Ou pronunciei aquelas palavras por ela, dizendo-as para fazê-la feliz?
Ou então Mãe foi piedosa com ela mesma e lembrou do que teria gostado de escutar, mas que eu não disse?
Ou era tudo verdade, o fato aconteceu assim como foi transcrito pela memória de Mãe e eu a amava tanto que Sua presença ganhava da potência ameaçadora de qualquer Fantasma?

*

É verdadeira a última hipótese, a amorosa. Posso afirmar isso como se afirma a Pura Verdade, porque já tenho prática com os meus modos interiores e lembro com viva e deslumbrante exatidão a interminada obsessão da minha infância, ao contrário terminada. Obsessão que se espalhou para além do tempo permitido nas provisórias (e por vezes providenciais) fixações infantis: o pavor de que Mãemamãeverdadeira morresse.

Quando Mãemamãeverdadeira pegava no sono, tomada pela sombra, eu controlava com o dedo umedecido sua respiração. Que noites ambíguas! A criança de vigília diante da mãe, vívida e respirante autonomamente.

Lembro de círculos numéricos regenerando-se como fênix e ouroboros, e de repetidos rituais propiciatórios, quando Mãemamãeverdadeira demorava para voltar do trabalho. Professora de Letras. Estávamos tão orgulhosas disso! Um trabalho conquistado bancando, sozinha, a si mesma e a sua própria Mãe, com ciclos de aulas particulares diurnas e sessões de estudo noturno sustentadas por uma máquina de tortura que, como veremos, lhe custará a visão: álcool pulverizado nos olhos e palitos para manter abertas as belas pálpebras, deixadas pesadas pelo sono.
Uma mulher de mil novecentos e dezesseis que, abandonada pelo Pai, ficou responsável por sua Mãe, a Nonna (Arquétipo tutelar que, no futuro remoto, me salvará), e a acolheu na própria casa por toda a vida. De fato, o Arqué- tipo vivia comigo, ainda não visto, enquanto eu percorria o corredor sem nunca pisar na comissura entre as placas de granilita de mármore, com os ouvidos atentos para interceptar o movimento dos contrapesos do elevador, dessa forma Mãe teria imediatamente voltado.

*

Aquela vez que Mãemamãeverdadeira adoeceu de uma misteriosa doença, vivi por dias na sua cabeceira, classificando flores e folhas em páginas de papel com furos. Um catálogo de melancolia vegetal. De noite, lia as narrativas do livro Coração, que ela tanto amava. Mamãe gosta de se emocionar.

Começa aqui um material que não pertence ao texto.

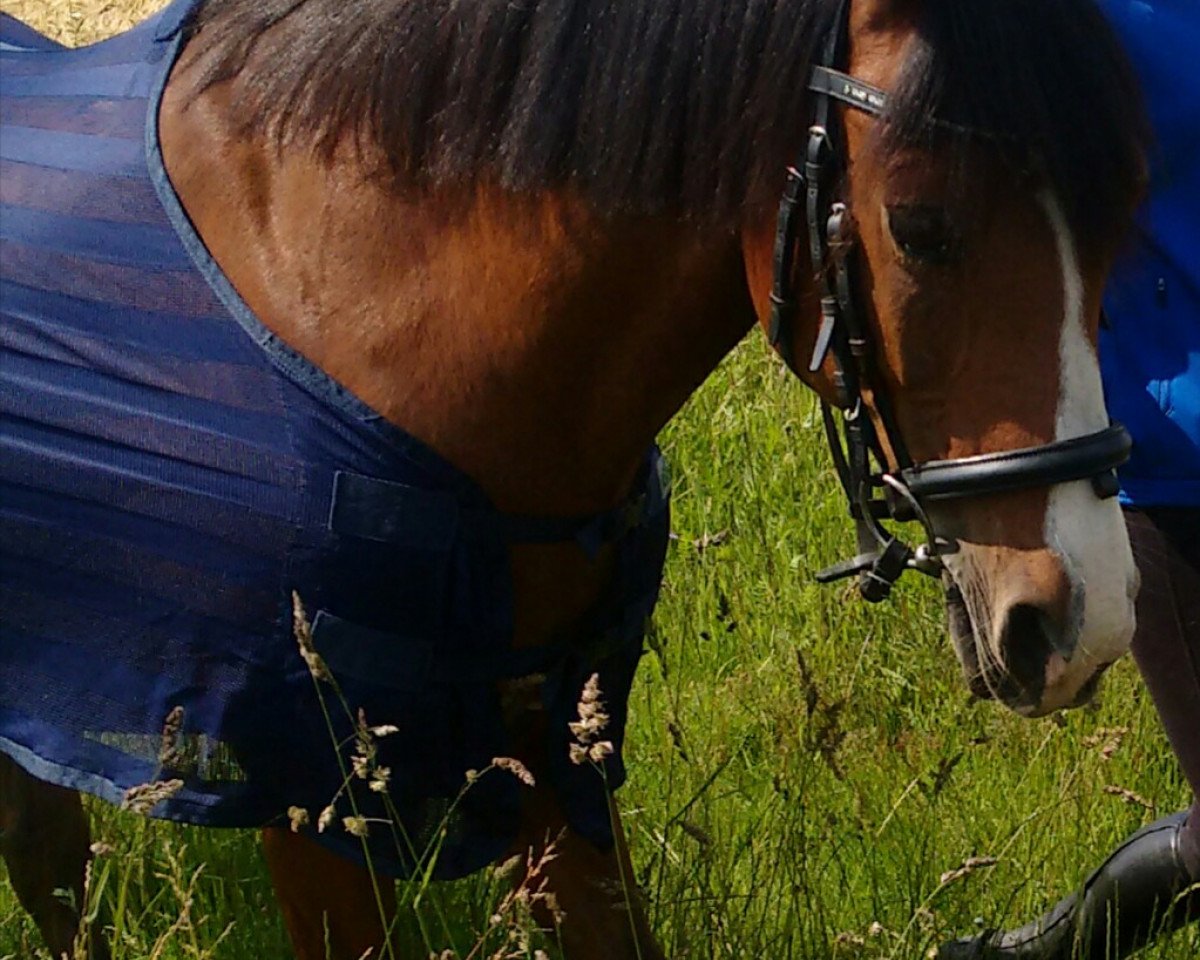 broodmare Cantana (Westphalian, 2001, from Cocky Man)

Tenho, portanto, a certeza de que a Notícia da adoção tenha se depositado e derretido em mim como neve. Uma abstração, que não interferia na realidade, muito menos na realidade perturbada e cintilante do meu amor, infantil e por vir.
Mãe, ao contrário, saiu gravemente ferida de sua própria revelação.

Mãe tinha confessado à filha, por amor, que não tinha filhos.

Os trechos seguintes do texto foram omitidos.